然而,即便那些鬼修说的话再难听,苏长观也明白,无论是他们还是鬼王,已经无力回天了。他们都无法在朗月明的尸体当中,察觉到哪怕一丝朗月明的魂魄,他如今才意识到,朗月明恐怕已经魂飞魄散了。
可他还是不死心,非要自己想出个办法来,于是绞尽脑汁在这鬼城之中,尝试了各种办法。
然而效果却不尽人意。甚至,在他一次不注意的时候,那些被他赶走的鬼修,趁机闯入了这鬼王的宫殿,强行附在了朗月明的身体上。

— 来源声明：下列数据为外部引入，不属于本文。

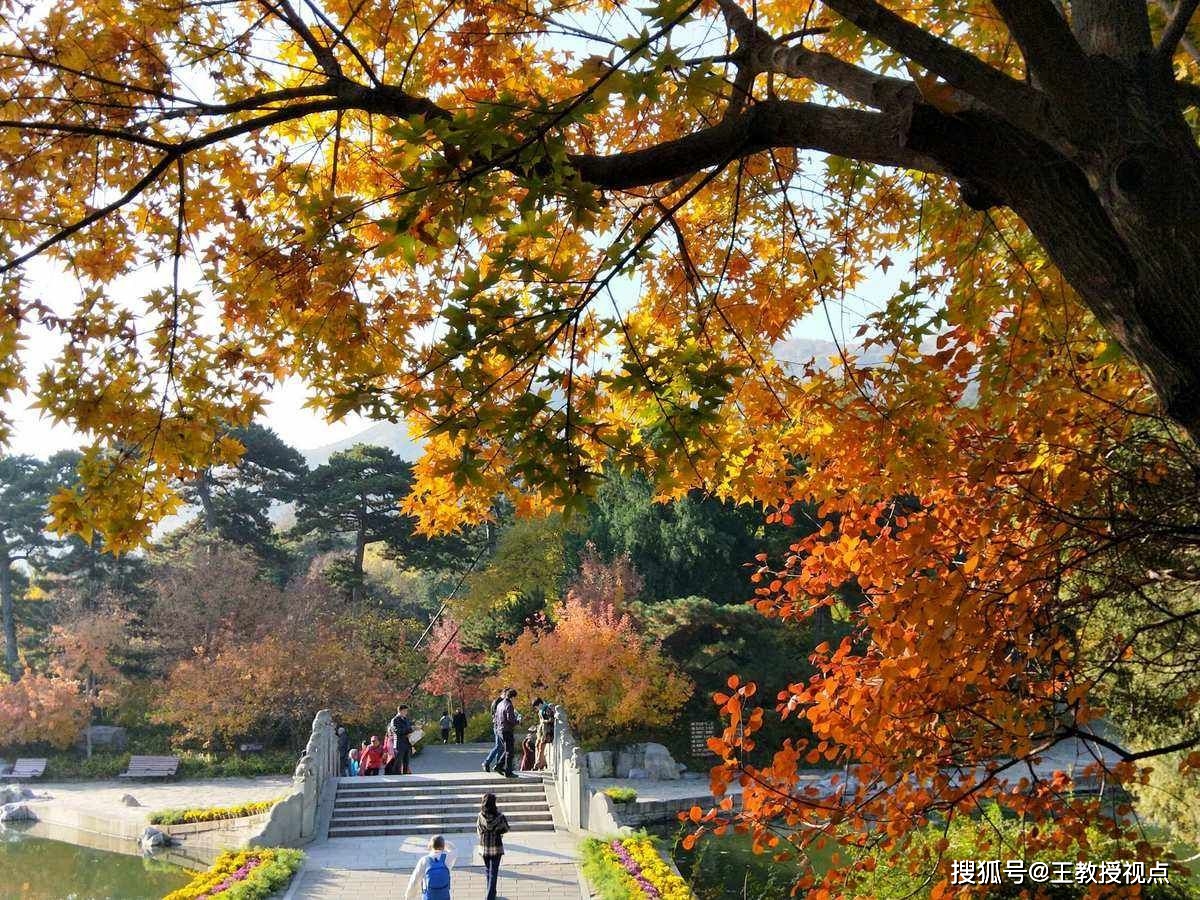 產學研視點|北京香山公園的力學文化特色_原理_建築_藝術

那鬼修得了身体,肆无忌惮得驱使着朗月明的身体。苏长观始终顾忌着那是朗月明,不敢下狠手。于是竟被那鬼修一路横冲直撞,几乎拆了半个皇宫。
尽管鬼王那时候已经想尽了些办法,却也无法强行将那个占领了朗月明身体的鬼修驱逐出去,因为那多少会伤到朗月明的身体。于是二人最终只得想了个办法,将朗月明的身体用特殊方法禁锢起来,封在这鬼城之中。

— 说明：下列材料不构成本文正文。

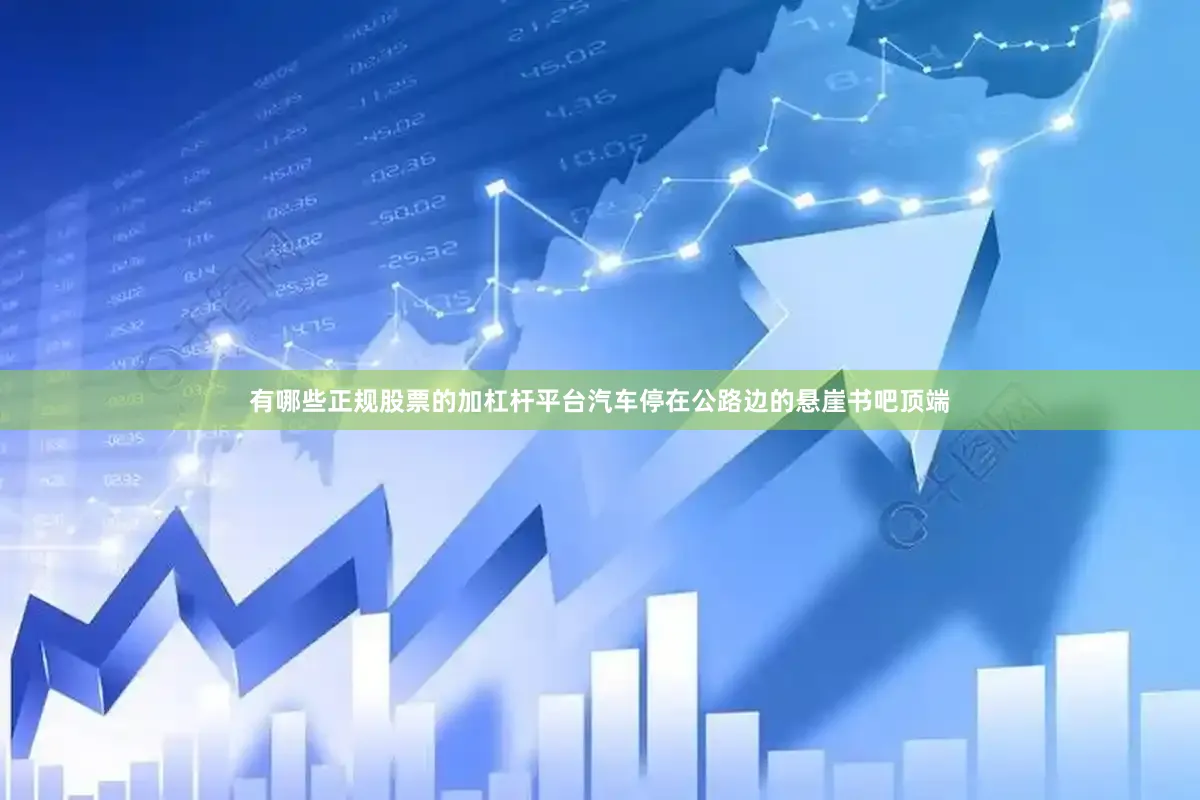 有哪些正规股票的加杠杆平台汽车停在公路边的悬崖书吧顶端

因着有鬼修附上朗月明的身体,因此她的身体不再能轻易带出去,只得长年累月在此地接受鬼气的侵蚀。
说完这些,鬼王面上却露出几分喜色,“近日来,我们想办法引了些魔气过来,魔气与鬼气两相抵消之下,她的身体的异变延缓了不少。”
而出乎他预料地,苏长观面上却没有他预想的喜色。
苏长观沉默了片刻,也不知在想什么,半晌,他抬起头叹了口气,“那让我过去看看她。”
鬼王自然无不应。
三人跟随着鬼王进入到后宫的一处地窖之中。
几乎是一走入这地窖,便能察觉到此处淤积的浓郁鬼气。地窖地势比较低,加上昏暗潮湿,更加适合鬼气的沉积。
这处的地上画着许多个阵法,有聚拢鬼气的,也有聚拢魔气的。而朗月明则处在地窖的最中心之处,被玄冰制成的铁链束缚着手脚,安置在一口冰棺之中。

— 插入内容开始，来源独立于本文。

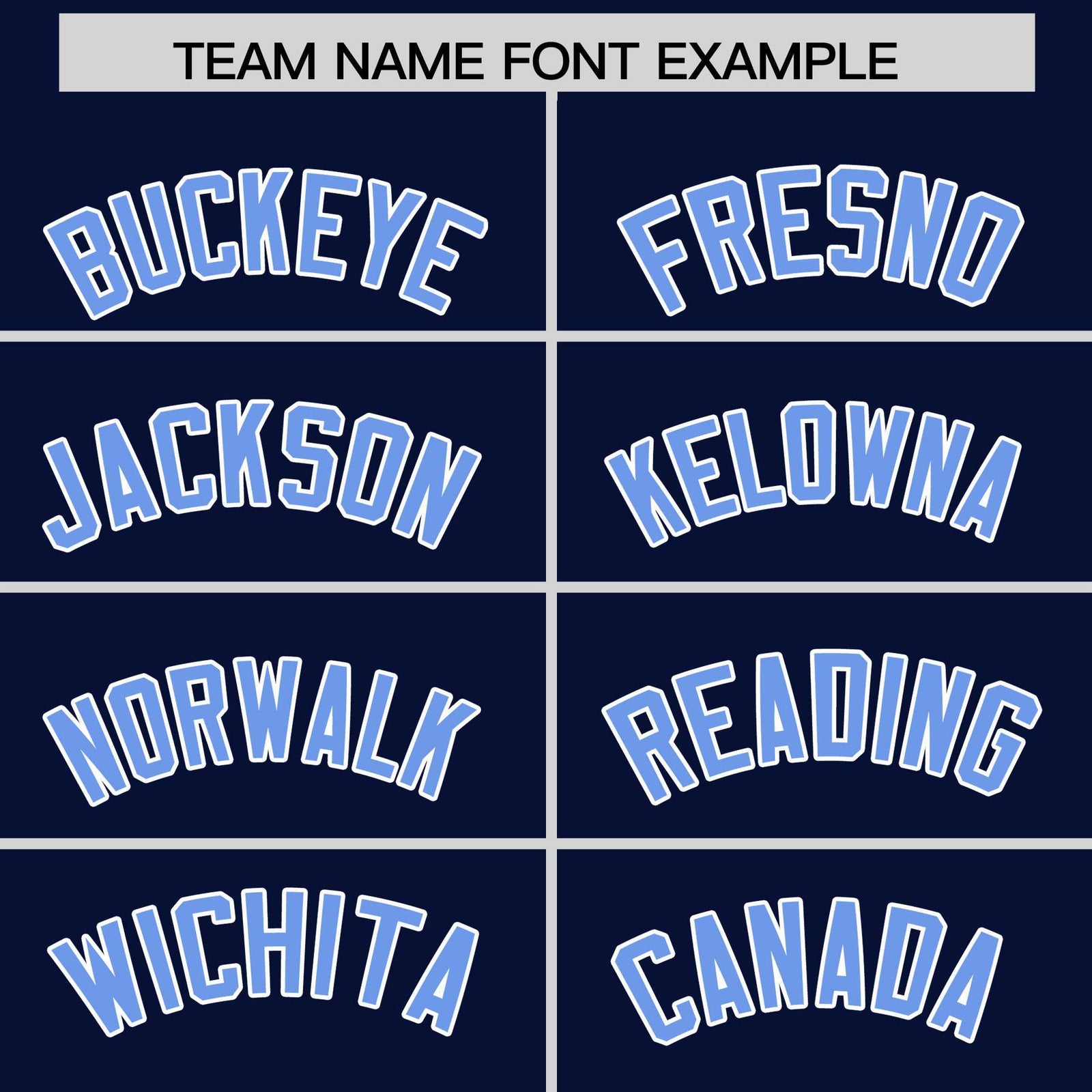 Custom Navy Light Blue Stripe Animals Graffiti Pattern Raglan Sleeves Authentic Baseball Jersey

这般画面着实有些诡异,沉睡在冰棺之中的人竟是还要戴着冰镣铐。
这冰镣铐之中凝聚了魔气,压制着这处的鬼气,叫这占据了朗月明身体的鬼修即便苏醒也无法轻易动弹。
鬼王解释着:“若是那鬼修醒来,定是要大发雷霆的。可我们怕她伤到这副躯壳,只得出此下策。”
苏长观点了点头,“无妨,你们也有难处。”
步惊川走上前去,却见到朗月明如今已经和前世所见的模样大相径庭。
原本他这次也做足了准备,知晓朗月明如今模样会与先前活着那时截然不同,可当他真的看到的时候,却还是因为眼前所见震惊得无以复加。
朗月明原本白净的面上透着一片死寂的青灰,面上与手脚上皆浮现出黑紫色的血管,就连她的皮下,也出现了不少的淡紫色瘀痕,仿若丑陋的尸斑。就连她的的唇上也变得干瘪,变成了死气沉沉的绛紫色。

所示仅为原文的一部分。